The employer then filed two cases in the Court of Civil Appeals. It filed a petition for writ of mandamus on November 20, 2007, to review the March 29 order concerning the panel of physicians. Then, on November 29, 2007, it filed an appeal from the October 19 judgment awarding benefits.

The Court of Civil Appeals turned both of these aside. The mandamus petition, it noted, was filed well outside the 42-day period in which such petitions are considered presumptively timely under appellate Rules 21(a)(3) and 4(a)(1). In such a case, Rule 21(a)(3) requires the petitioner to show “good cause” for the late filing. The employer had not made this showing. The appellate court recognized that the “passage of time, without more” does “not necessarily, by itself,” condemn a late petition to dismissal. Here, however, there was “more.” The worker had been prejudiced by the employer’s delay in filing. Specifically, the worker was forced to “seek, obtain, and presumably pay for his [own] pain-management treatment” in the relevant period. The appellate court also indicated that the issues raised by the mandamus petition were encompassed by the employer’s direct appeal. The employer thus had “an opportunity for review by appeal,” which was “another factor to consider in determining whether good cause exists for allowing an untimely mandamus petition.” The Court of Civil Appeals thus denied the petition as late.

The employer’s direct appeal, for its part, was dismissed as being from a non-final judgment. Recall that the trial court’s October 19 order — which awarded the worker disability benefits — had “fail[ed] to specify a sum certain for” those benefits. This made the judgment non-final. The appellate court explained:

Where the amount of damages is an issue . . . the recognized rule of law in Alabama is that no appeal will lie from a judgment which does not adjudicate that issue by ascertainment of the amount of those damages.

 

Accordingly, the October 19 order “was not a final judgment that [would] support an appeal.” The Court of Civil Appeals dismissed the employer’s appeal.

(The employer had also couched its direct appeal alternatively as a petition for mandamus. The Court of Civil Appeals rejected this tack. Because the employer would have an adequate remedy by appeal, once a final judgment was entered, mandamus would not lie. The court thus denied the alternative petition.)

 

Claim for double-compensation penalty in workers' compensation is not subject to Rule 59

The Supreme Court answered the question of first impression of whether a claim for the double- compensation penalty of Ala.
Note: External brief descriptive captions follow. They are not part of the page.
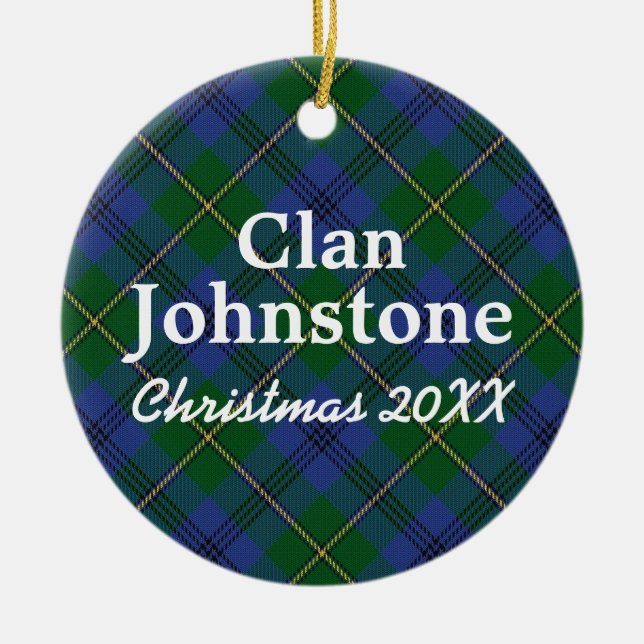 Ornamento De Cerâmica Clan Johnstone Scottish Tartan (Frente)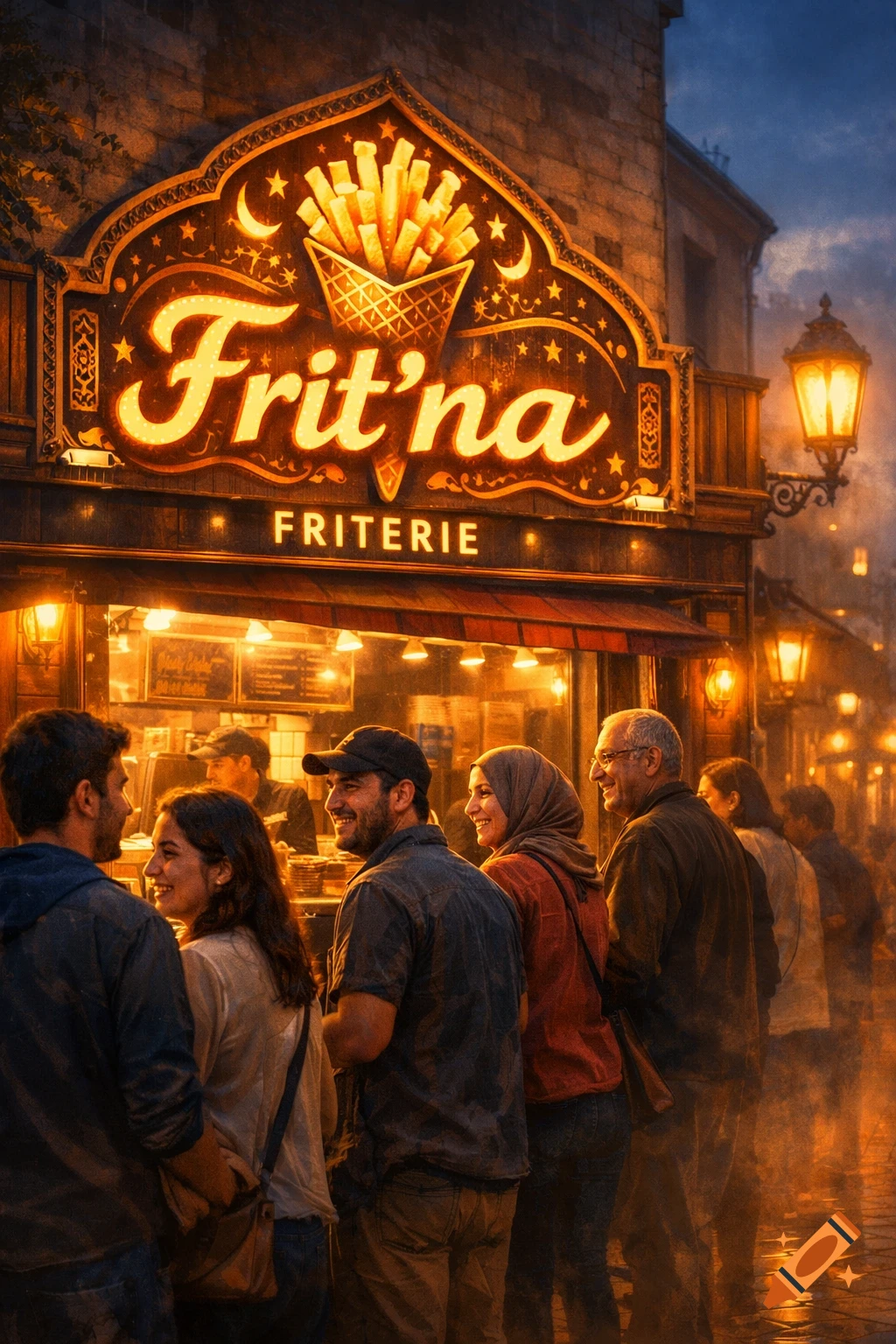 A brightly lit fritterie sign 'Frit'na' at night, with a queue of smiling customers outside in a golden glow.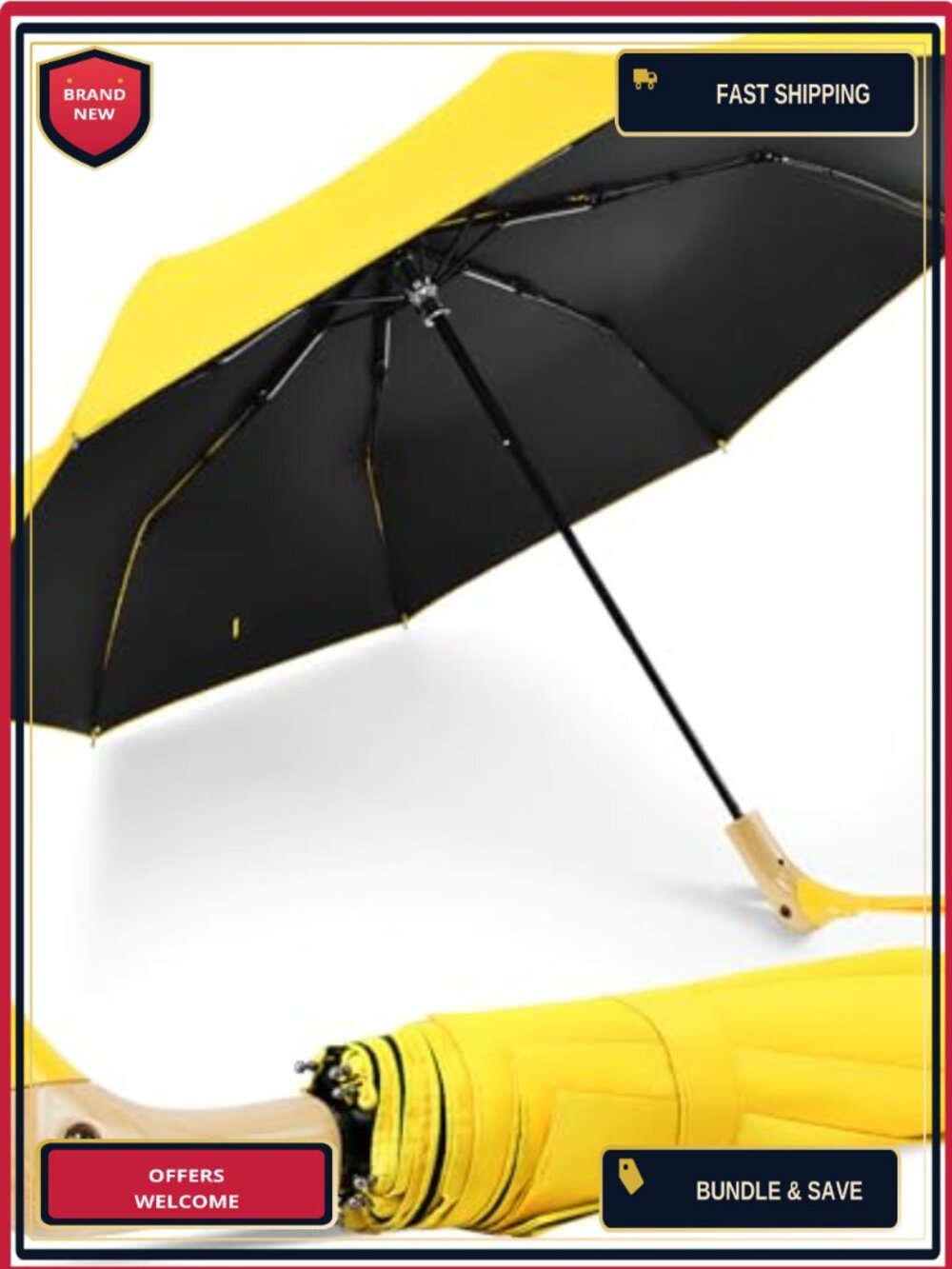 Cute Duck Umbrella Compact Travel Size Windproof UV Protection Rain Sun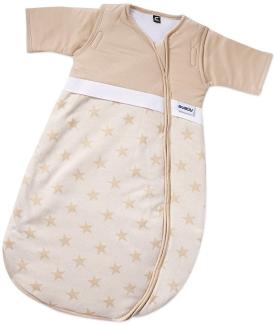 Gesslein 770199 Bubou Babyschlafsack mit abnehmbaren Ärmeln: Temperaturregulierender Ganzjahreschlafsack für Neugeborene, Baby Größe 50/60 cm, Sterne beige/creme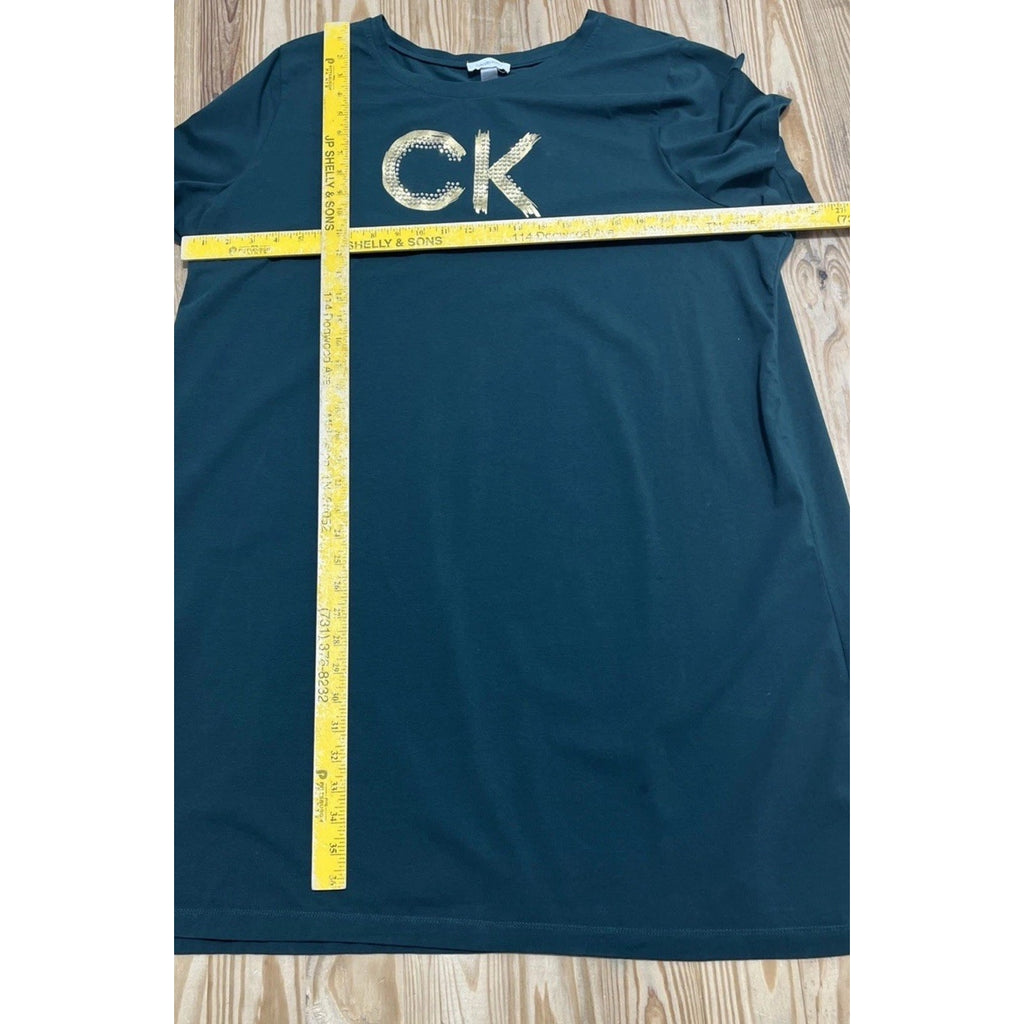 Calvin Klein Embellished Logo T-Shirt Dress For Women Size - 2X Green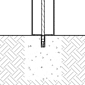 Diagram of a solar bollard installed using drop-in concrete inserts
Code 25-5-8(e) is subject to the time restrictions of Rule 59.  The Court held that, because it is a penalty distinct from the underlying judgment,  it is not.  Therefore, a request for the double-compensation penalty made more than 30 days after the entry of judgment is timely.  Ex parte Ruggs, [Ms. 1061379] (Ala. Aug. 22, 2008).

Payment of workers' compensation benefits pursuant to foreign state's statute does not toll time to bring Alabama workers' compensation claim

In Ex parte Morris, Ms. 1070384 (Ala. June 20, 2008) , in a question of first impression, the Alabama Supreme Court held that the payment of benefits pursuant to another states workers' compensation statute does not toll the time to bring an Alabama workers' compensation claim.  Under the terms of Alabama's statute, only payments under Alabama's workers' compensation statute tolls the time to bring a clain in Alabama.  Thus, the plaintiff's claim in this case was untimely and was dismissed.  The Court recognized that this rule can lead to harsh results, so it noted that equitable tolling may be available in some cases.